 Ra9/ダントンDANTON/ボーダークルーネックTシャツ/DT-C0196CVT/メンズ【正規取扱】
---*---
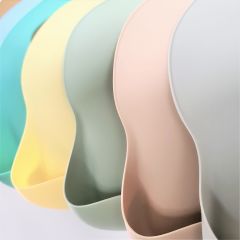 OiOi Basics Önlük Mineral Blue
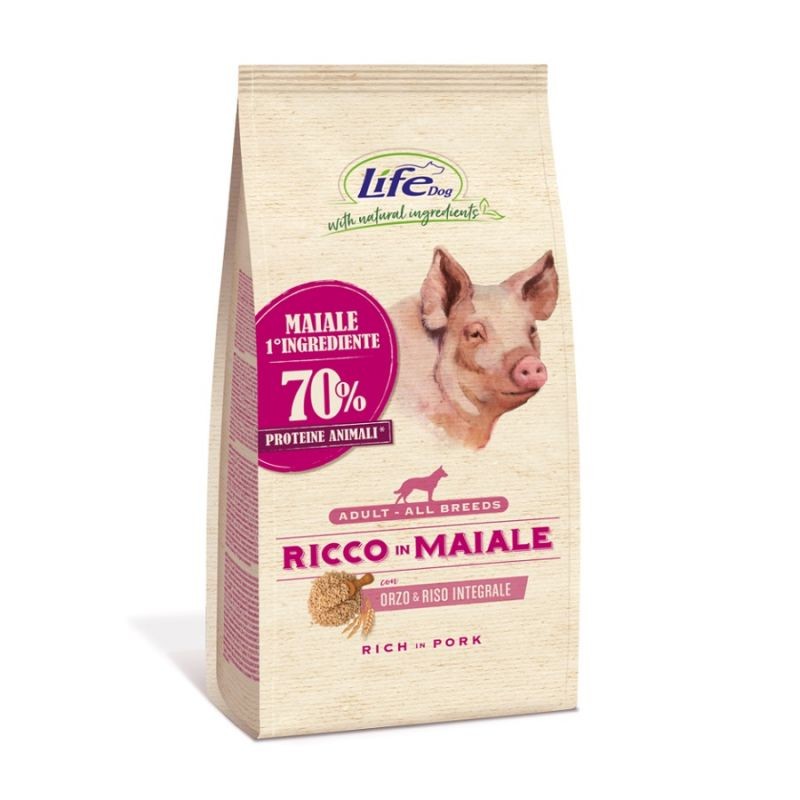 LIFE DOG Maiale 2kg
---*---
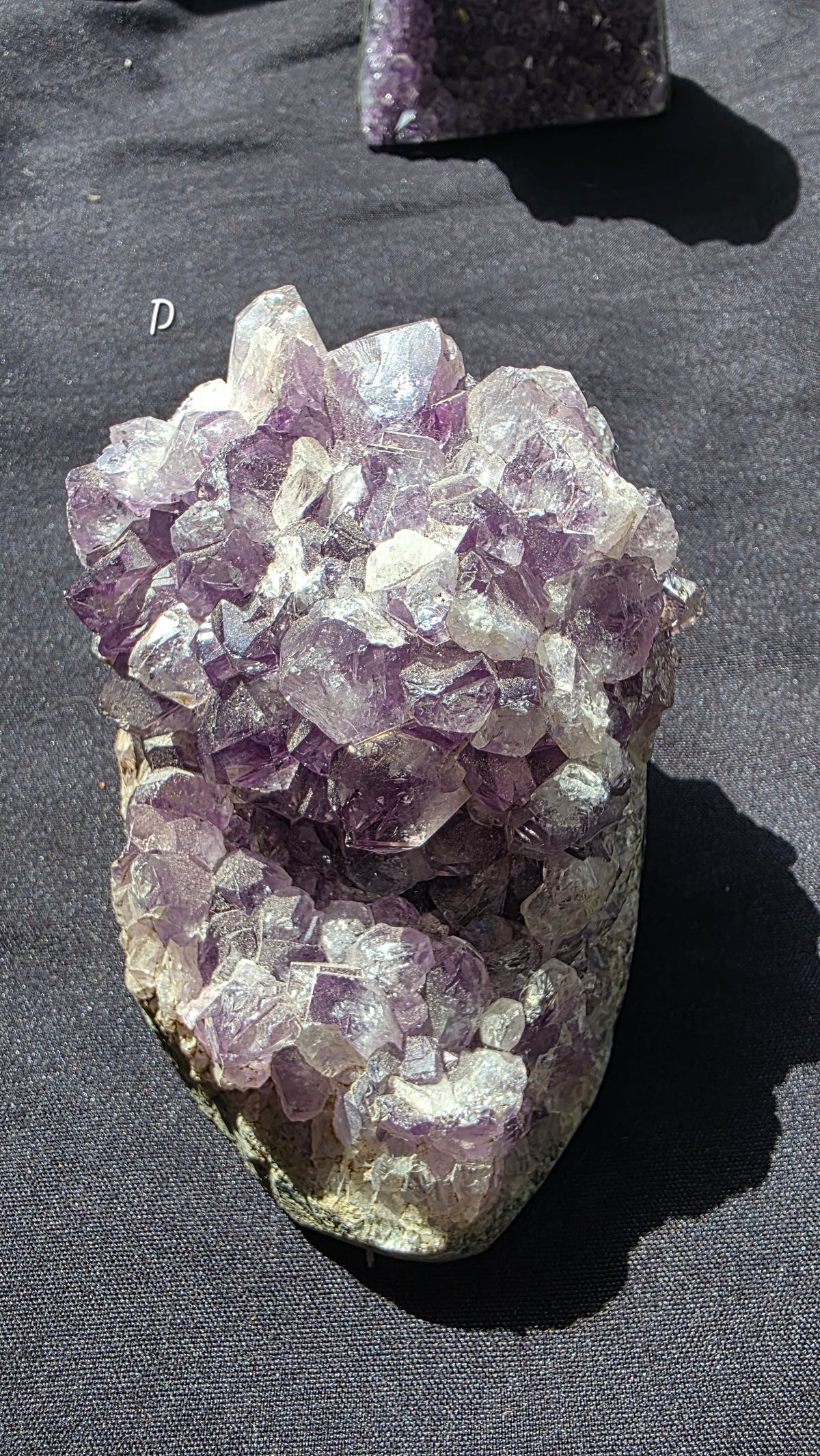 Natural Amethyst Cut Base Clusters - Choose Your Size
---*---
Only the lines of the listing above from the one with "OiOi Basics Önlük Mineral Blue" through the one with "LIFE DOG Maiale 2kg" should be output, exactly, with both ends kept and pictures left out.

**Output of the task:**
 OiOi Basics Önlük Mineral Blue
 LIFE DOG Maiale 2kg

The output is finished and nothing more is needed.